What Bob Dylan Can Teach Us About The Future Of Media

My life as I know it will soon disappear. Everything I have created in the past 37 years will cease to exist in a few days.

And I couldn’t be happier about it.

This has me considering how media is changing, how businesses are being run, and how we see opportunities and threats. There is a phrase in business I have never been comfortable with: “disruption.” To me, it focuses too much on the negative, too much on what was, not what will be.

Sometime this month, my first child will be born. And when this happens, in many ways, my life begins on that day. For one, I will change. I had dinner last night with someone who mentioned that when you walk out of the hospital with a newborn, the air is different, the sky is different. Every priority changes.

And for my child, everything I have done prior to the day he or she is born is simply a preface – that part of the book you skip over while getting to the meat of the story. Like when you watch a documentary about The Beatles, and they first review the economic status of Liverpool, England in the years before John and Paul met. You are just waiting for them to meet.

For those of you in media, in publishing; for the content creators and writers; for the marketers and business strategists, I wonder:

Are we so busy looking backwards at where we’ve been, that we aren’t focused on what we are becoming? That we are hoping too much that where we are going is where we have been?
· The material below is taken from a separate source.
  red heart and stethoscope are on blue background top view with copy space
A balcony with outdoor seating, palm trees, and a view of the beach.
I’m re-watching a documentary on Bob Dylan, and pausing it on a photo from his elementary school years. Here is a kid – a normal ordinary kid in a normal ordinary town – named Robert Zimmerman. Even though he has an appreciation for what was, this kid makes a decision:

To BECOME Bob Dylan.

His reasoning for the name change itself: “I just didn’t feel like I had a past, and I couldn’t relate to anything other than what I was doing at the present time.”

So Bob lived fully in the present. And in doing so, reshaped our culture. Even if you weren’t a fan, even if his music coincided with larger changes going on in the world, his influence amplified messages that changed us whether we liked it or not.
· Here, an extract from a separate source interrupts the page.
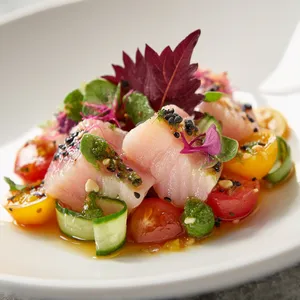 A vibrant palette of color awaits you atop a pristine white plate. Slices of yellowtail possess a slight translucence and a soft pink hue, adorned with deep green ribbons of cucumber and bright red and orange patches of heirloom tomatoes. Ground wasabi peas add bursts of jade amidst dainty flakes of sea salt. The dish is garnished with deep red shiso leaves and a sprinkle of black sesame seeds, creating an artful display that excites the eyes.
Most of Bob’s adult life has been spent becoming – creating his story. I remember he played a show in New Jersey a few years back, and how upset the audience was. Why? He played familiar songs to different tunes, changed tone and timing. The songs were the same, but they were unrecognizable. Bob was living in the moment.

But the audience only wanted to look back. They wanted to recapture something they felt years ago. Bob would have none of that. Bob is still becoming.

Are you?

Are we holding on to what was? To business models that are known and comfortable, serving needs that have since changed? Are we making decisions based on sentimentality – the feeling of holding a newspaper on a Sunday morning – or are we making decisions based on how we live today, with an eye on how we will live tomorrow?

Today is a new day. This is not a threat. This is not without appreciation for the past. It is merely an opportunity to become.